* _Description of the task_
Every entry that follows should be output exactly, and every image in it left out.

### Data section

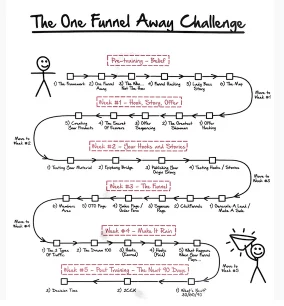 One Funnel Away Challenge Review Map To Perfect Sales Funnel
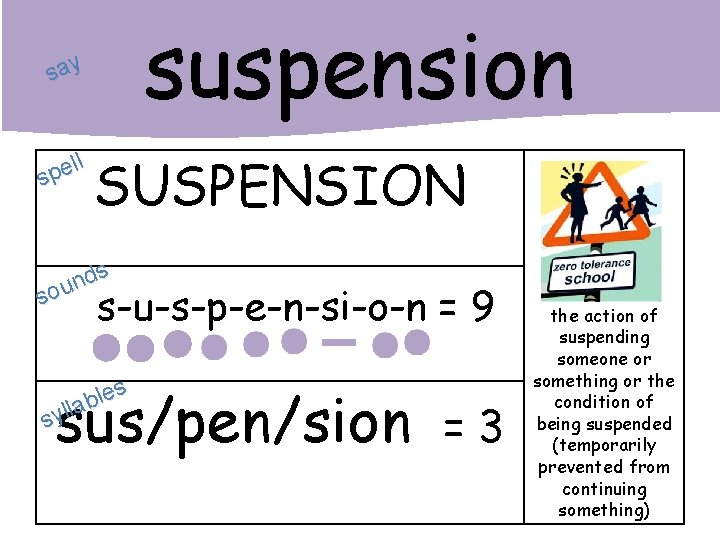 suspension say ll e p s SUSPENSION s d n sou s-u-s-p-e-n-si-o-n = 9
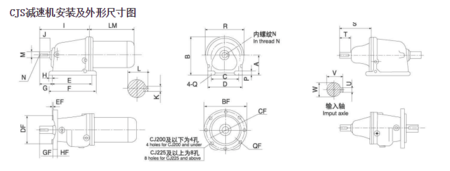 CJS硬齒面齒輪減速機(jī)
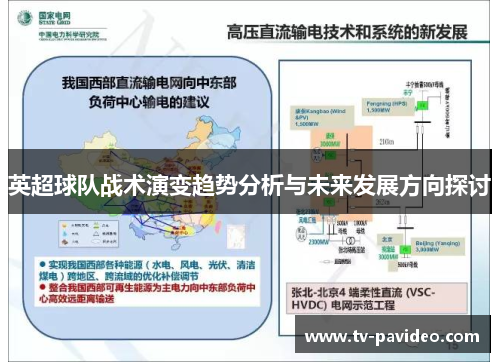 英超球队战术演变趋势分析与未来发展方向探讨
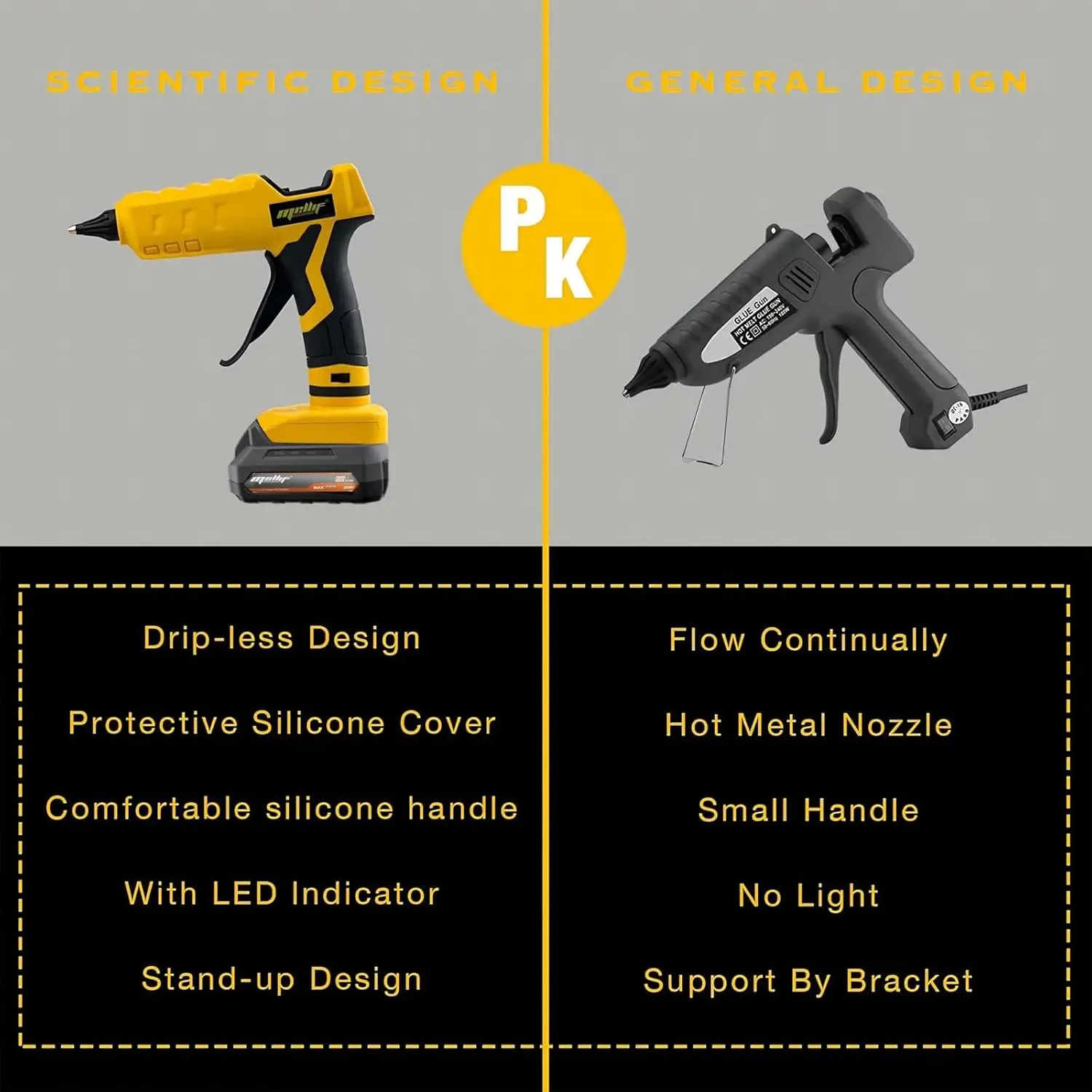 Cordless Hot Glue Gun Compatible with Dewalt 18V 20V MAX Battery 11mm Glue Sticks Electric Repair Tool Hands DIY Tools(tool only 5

######

* _Written answer_
 One Funnel Away Challenge Review Map To Perfect Sales Funnel
 suspension say ll e p s SUSPENSION s d n sou s-u-s-p-e-n-si-o-n = 9
 CJS硬齒面齒輪減速機(jī)
 英超球队战术演变趋势分析与未来发展方向探讨
 Cordless Hot Glue Gun Compatible with Dewalt 18V 20V MAX Battery 11mm Glue Sticks Electric Repair Tool Hands DIY Tools(tool only 5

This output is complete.